**YOUR GOAL**
For the material below, reproduce exactly each line from the one that has "a woman sitting on a couch under a blanket" through the one that has "A person with", and no others; pictures stay out.

**DATA EXTRACTS**
<<<<

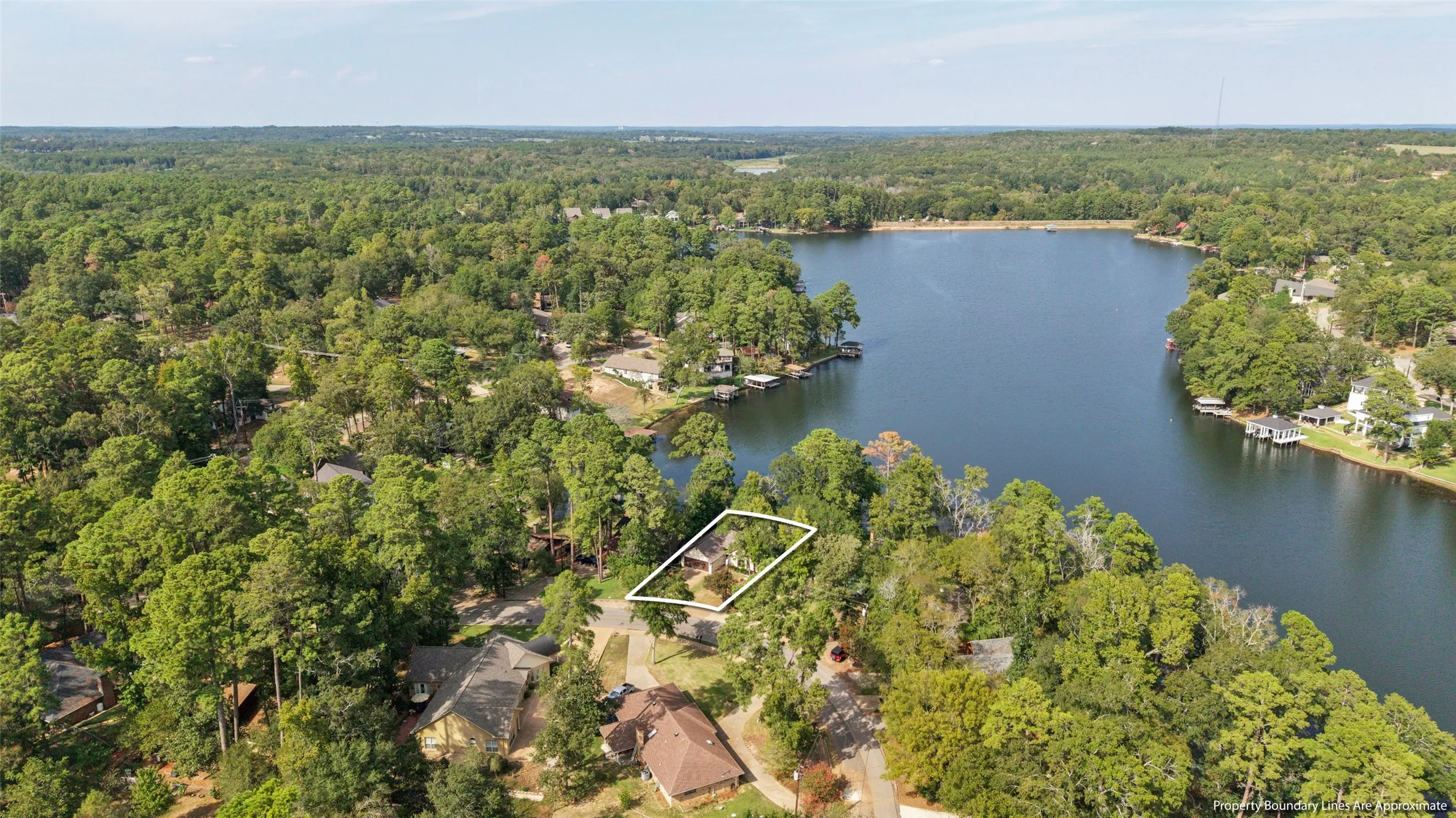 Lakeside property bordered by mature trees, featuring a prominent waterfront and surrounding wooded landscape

>>>>
<<<<

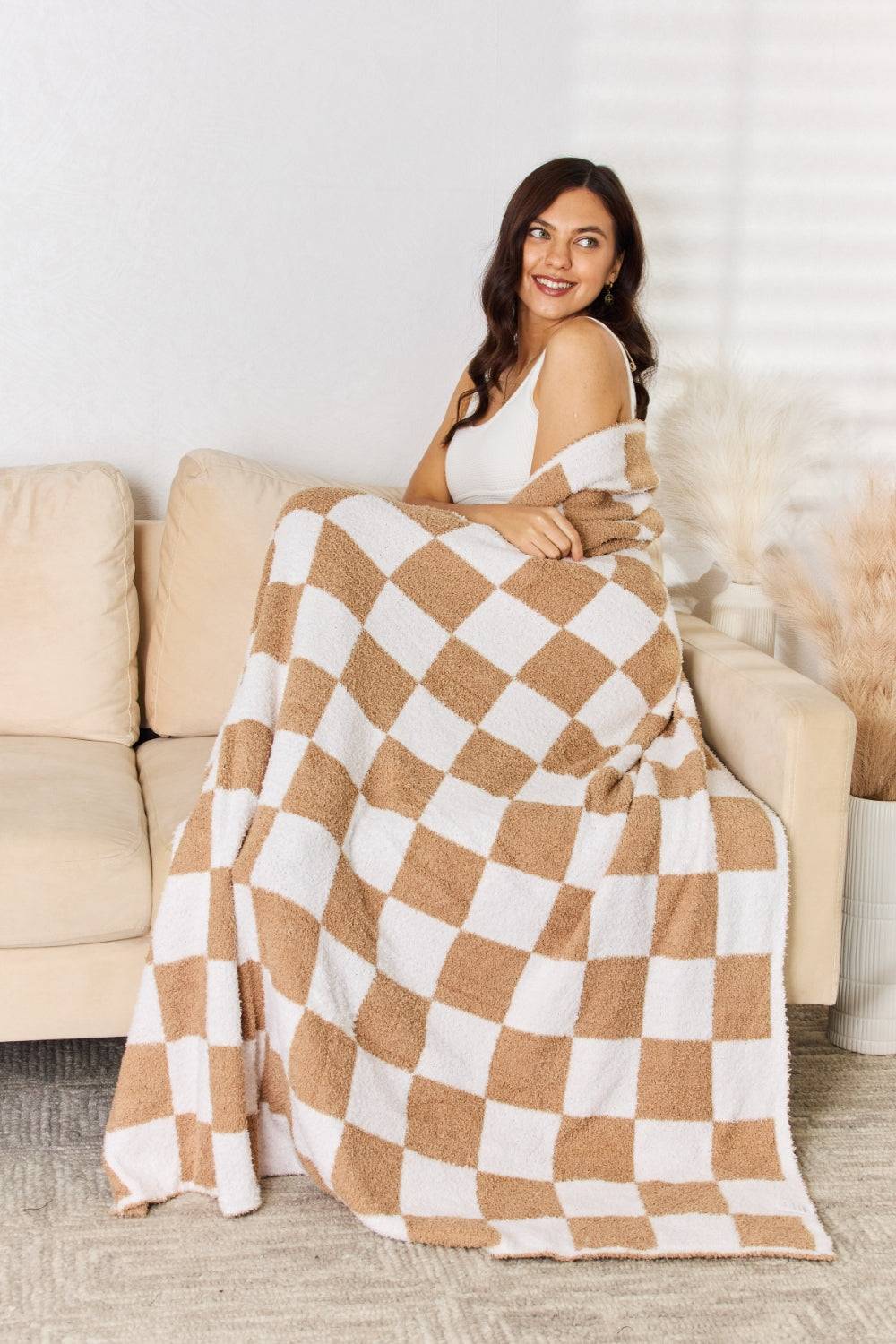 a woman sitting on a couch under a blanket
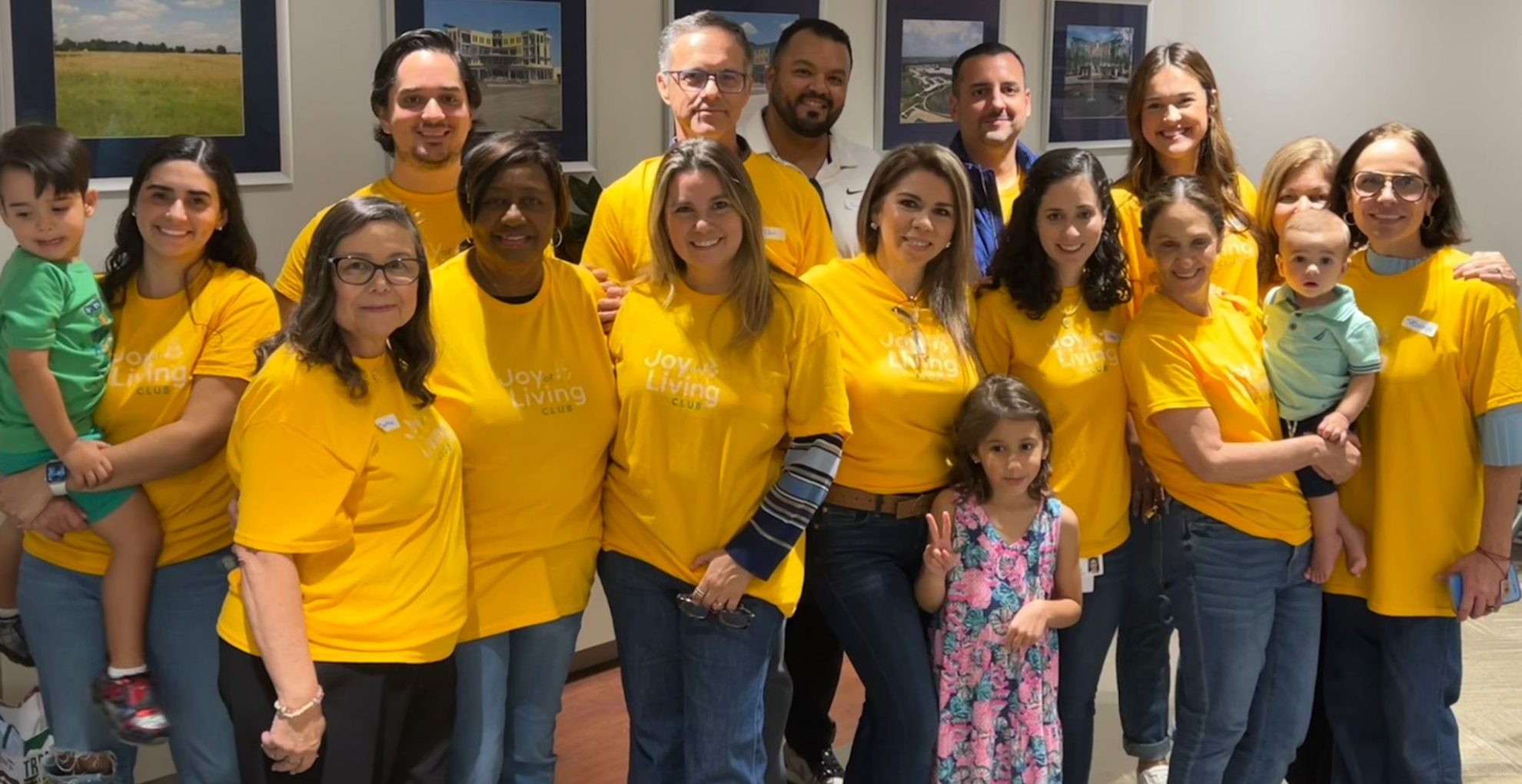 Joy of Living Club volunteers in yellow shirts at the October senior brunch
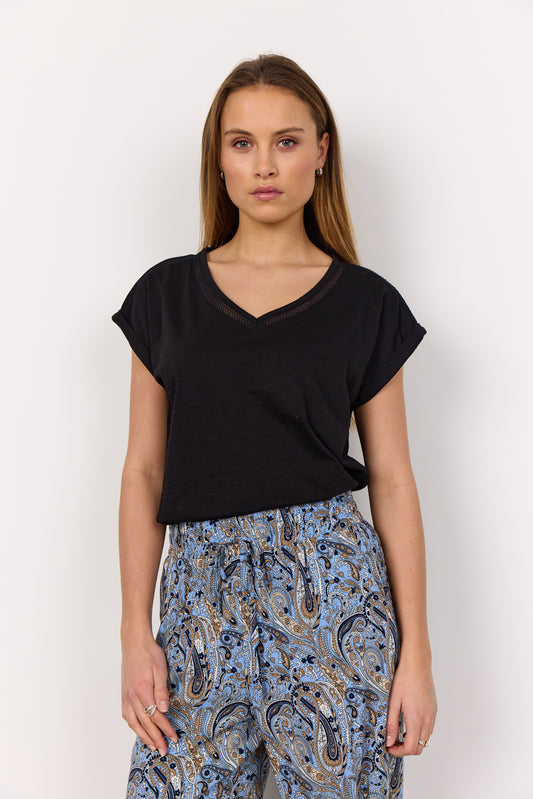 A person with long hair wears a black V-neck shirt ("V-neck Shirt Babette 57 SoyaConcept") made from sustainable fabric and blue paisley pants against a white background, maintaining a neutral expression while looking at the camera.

>>>>

**WRITTEN ANSWER**
 a woman sitting on a couch under a blanket
 Joy of Living Club volunteers in yellow shirts at the October senior brunch
 A person with long hair wears a black V-neck shirt ("V-neck Shirt Babette 57 SoyaConcept") made from sustainable fabric and blue paisley pants against a white background, maintaining a neutral expression while looking at the camera.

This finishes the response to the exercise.